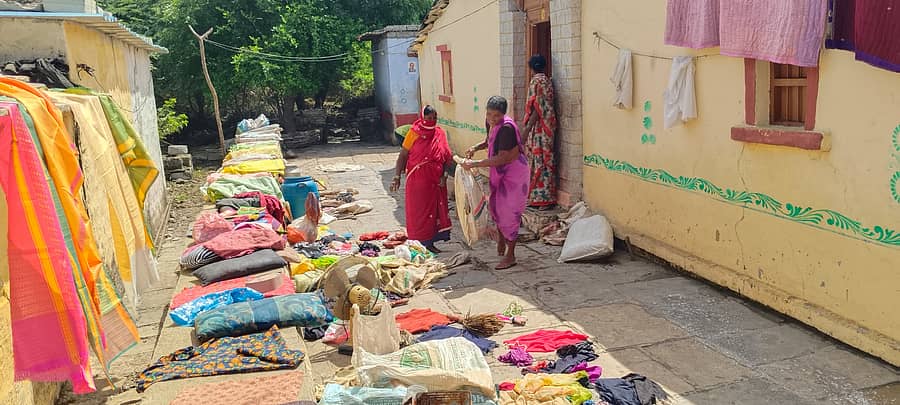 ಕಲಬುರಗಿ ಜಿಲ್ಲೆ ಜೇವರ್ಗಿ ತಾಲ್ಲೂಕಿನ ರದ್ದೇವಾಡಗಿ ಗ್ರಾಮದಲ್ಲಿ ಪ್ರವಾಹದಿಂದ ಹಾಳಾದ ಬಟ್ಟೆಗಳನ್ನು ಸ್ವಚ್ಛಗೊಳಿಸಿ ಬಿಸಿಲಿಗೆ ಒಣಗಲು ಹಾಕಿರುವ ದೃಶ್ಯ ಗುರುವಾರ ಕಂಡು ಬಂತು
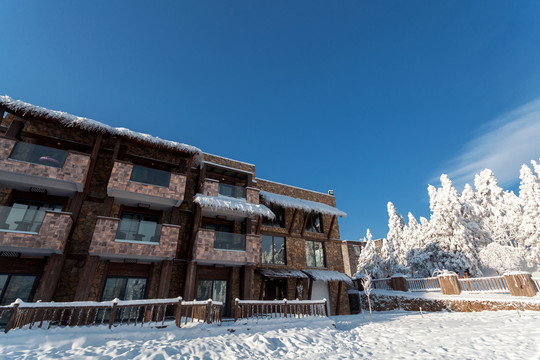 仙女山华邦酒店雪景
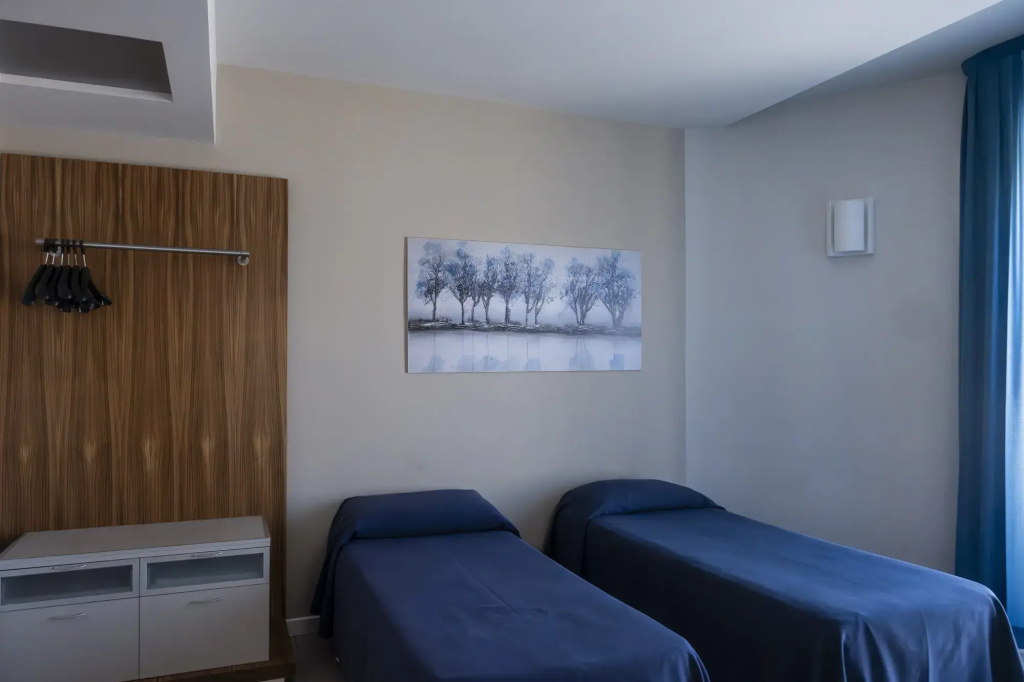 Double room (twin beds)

*Assignment*.
Transcribe all of the data above exactly; no picture belongs in the copy.

*Output for this exercise*.
 ಕಲಬುರಗಿ ಜಿಲ್ಲೆ ಜೇವರ್ಗಿ ತಾಲ್ಲೂಕಿನ ರದ್ದೇವಾಡಗಿ ಗ್ರಾಮದಲ್ಲಿ ಪ್ರವಾಹದಿಂದ ಹಾಳಾದ ಬಟ್ಟೆಗಳನ್ನು ಸ್ವಚ್ಛಗೊಳಿಸಿ ಬಿಸಿಲಿಗೆ ಒಣಗಲು ಹಾಕಿರುವ ದೃಶ್ಯ ಗುರುವಾರ ಕಂಡು ಬಂತು
 仙女山华邦酒店雪景
 Double room (twin beds)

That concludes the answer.